Allí, bajo el cielo de febrero, conocí a la joven Carmen, con la que más tarde me casé. Ella había llegado de la sierra de Gredos, con los ojos como ciruelas y una melena que rivalizaba con las sombras de los aljibe. No fue amor a primera vista; fue más bien una combinación de necesidad y la promesa de una vida estable. Pero la rutina, el trabajo duro en la cantera, las cervezas checas que nos traían de los camiones, los naranjos que llegaban en cajas y el embutido que nunca habíamos probado, todo eso nos fue creando un hogar.

Con el tiempo, la vida nos llevó a una residencia de obreros en una zona industrial de Zaragoza, y luego a una pequeña casa en la periferia de Madrid, donde nos mudamos cuando Alejandro consiguió un puesto como técnico de máquinas en una fábrica de automóviles. Allí, nuestra hija, Nieves, nació en 2005. Elena, mi esposa, se convirtió en una madre dedicada, pero nunca hubo pasión entre nosotros, solo una convivencia que se tornó más bien una costumbre.
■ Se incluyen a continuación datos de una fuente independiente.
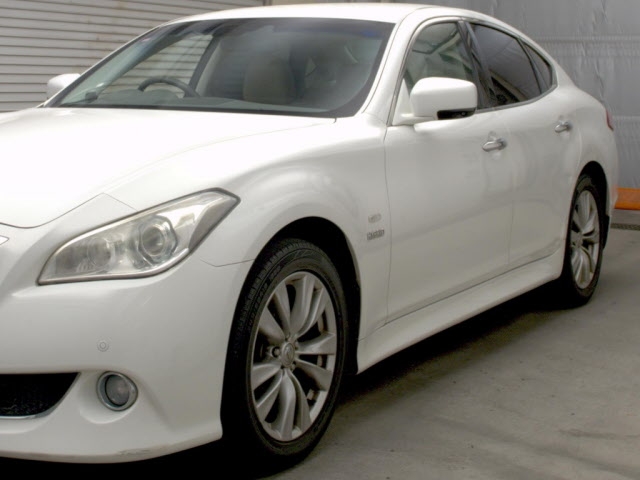 NISSAN FUGA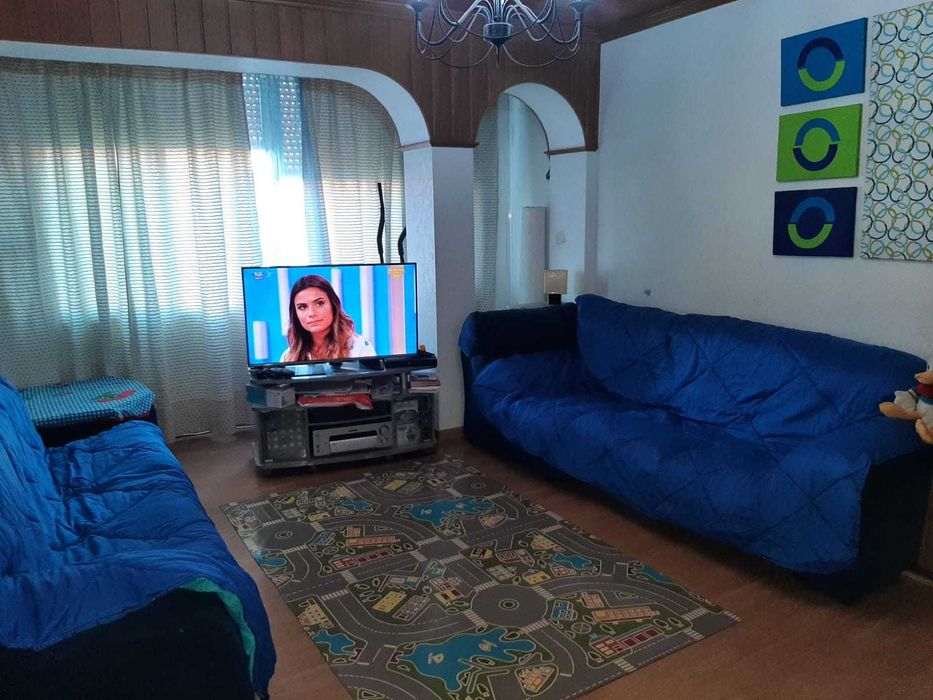 Sofá de Canto 8 lugares + Mesa 4 bancos encaixados. "Bom Negócio"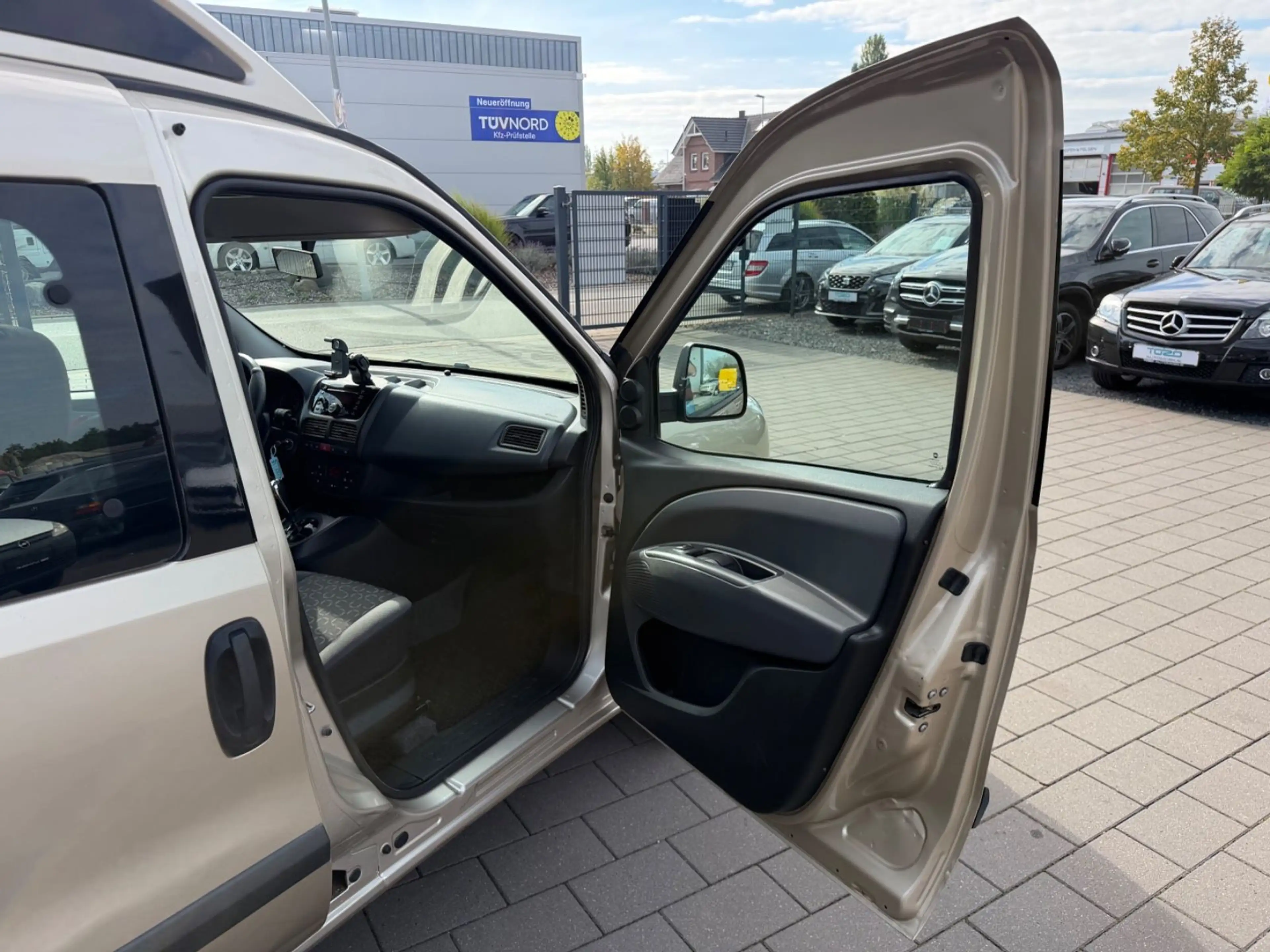 Fiat Doblo Dynamic*HOCHDACH*ROLLSTUHL*1.HAND*KLIMA* — photo 11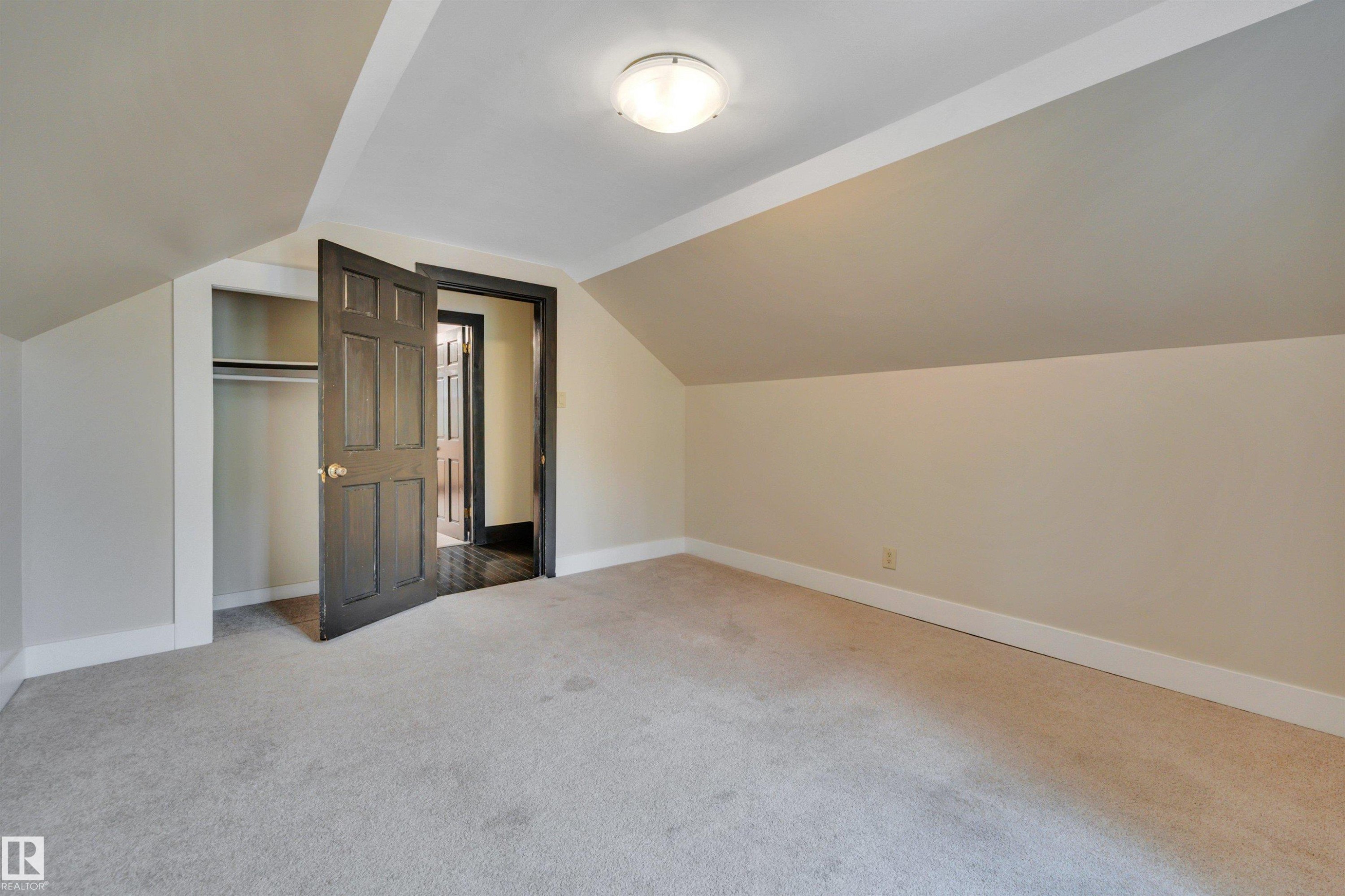 12015 124 Street Nw, Edmonton, AB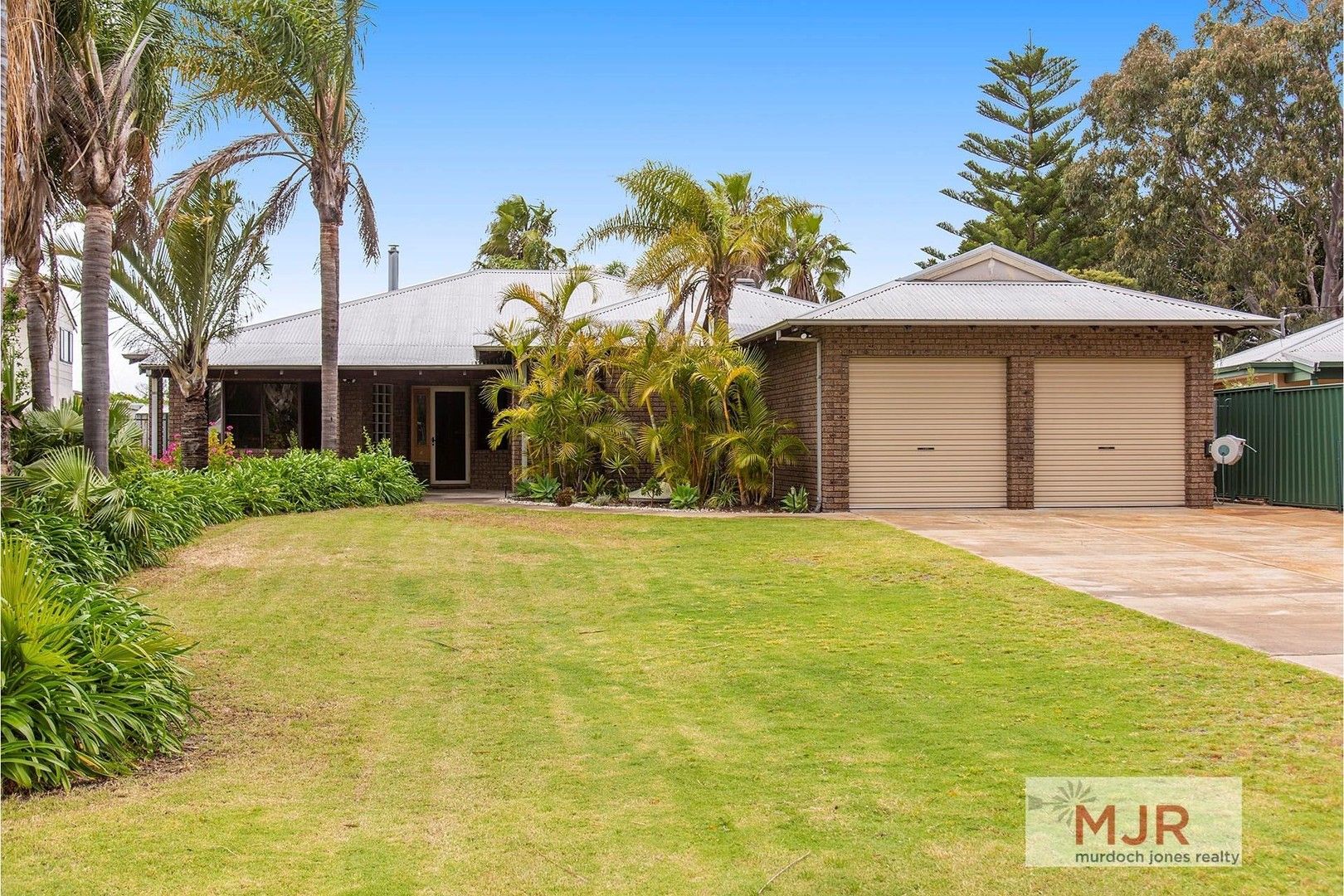 4 Flemming Court, Forrestdale WA 6112, Image 0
Los años pasaron, y la vida nos golpeó una y otra vez. Cuando la enfermedad de mi madre nos obligó a regresar a la aldea, la finca quedó abandonada, y los recuerdos de los trabajos de la cantera se desvanecieron como la niebla del amanecer. Yo, que había sido siempre el tipo callado, empecé a sentir un vacío que ni siquiera el ruido del tren de alta velocidad podía llenar.

Una tarde, mientras me encontraba en el hospital del pueblo a visitar a mi hermano, escuché a los enfermeros hablar de un nuevo proyecto de energía eólica en la zona de la Sierra de Gredos. Pensé que podría ser una nueva oportunidad, pero la realidad era que mi corazón estaba cansado de correr tras los sueños ajenos. Esa noche, mientras la lluvia golpeaba el cristal, recordé la frase que mi abuelo solía decir: El que no ama a su patria, no ama nada.

Al regresar al cementerio para enterrar a mi madre, escuché de nuevo a Carmen y Pilar. Carmen, la que nunca amó a su marido, había decidido divorciarse después de veinte años de sufrimiento. Pilar, sin embargo, había encontrado consuelo en la fe y en la comunidad del pueblo. Ambas se miraron una última vez al horizonte, donde el sol se ocultaba tras los árboles, y susurraron, casi sin querer, que la vida sigue, aunque el corazón se rompa.

Yo me quedé allí, bajo la sombra del olmo, reflexionando sobre mi propio matrimonio y sobre la manera en que, como esos dos personajes, había vivido más por obligación que por amor. No había traído a casa la felicidad que prometía la prensa de la época, sino una serie de compromisos que, al final, se habían convertido en mi propia prisión.

Hoy entiendo que la verdadera lección no es que uno deba buscar la perfección en el otro, sino aceptar que el amor se cultiva como la vid: se necesita paciencia, cuidado y, sobre todo, la voluntad de reconocer nuestras propias limitaciones. Porque, como dice el refrán castellano, El que mucho abarca, poco aprieta. Mi vida ha sido una larga cadena de abrazos fríos y promesas rotas, pero al fin he aprendido a valorar la sencillez de los momentos compartidos, incluso cuando no hay pasión, sino respeto y gratitud.

Así concluyo este día, con la convicción de que el mayor regalo que podemos dar a los demás y a nosotros mismos es la honestidad con la que vivimos, sin fingir amores que nunca existieron. Y esa, al fin y al cabo, es la enseñanza que me llevo a casa.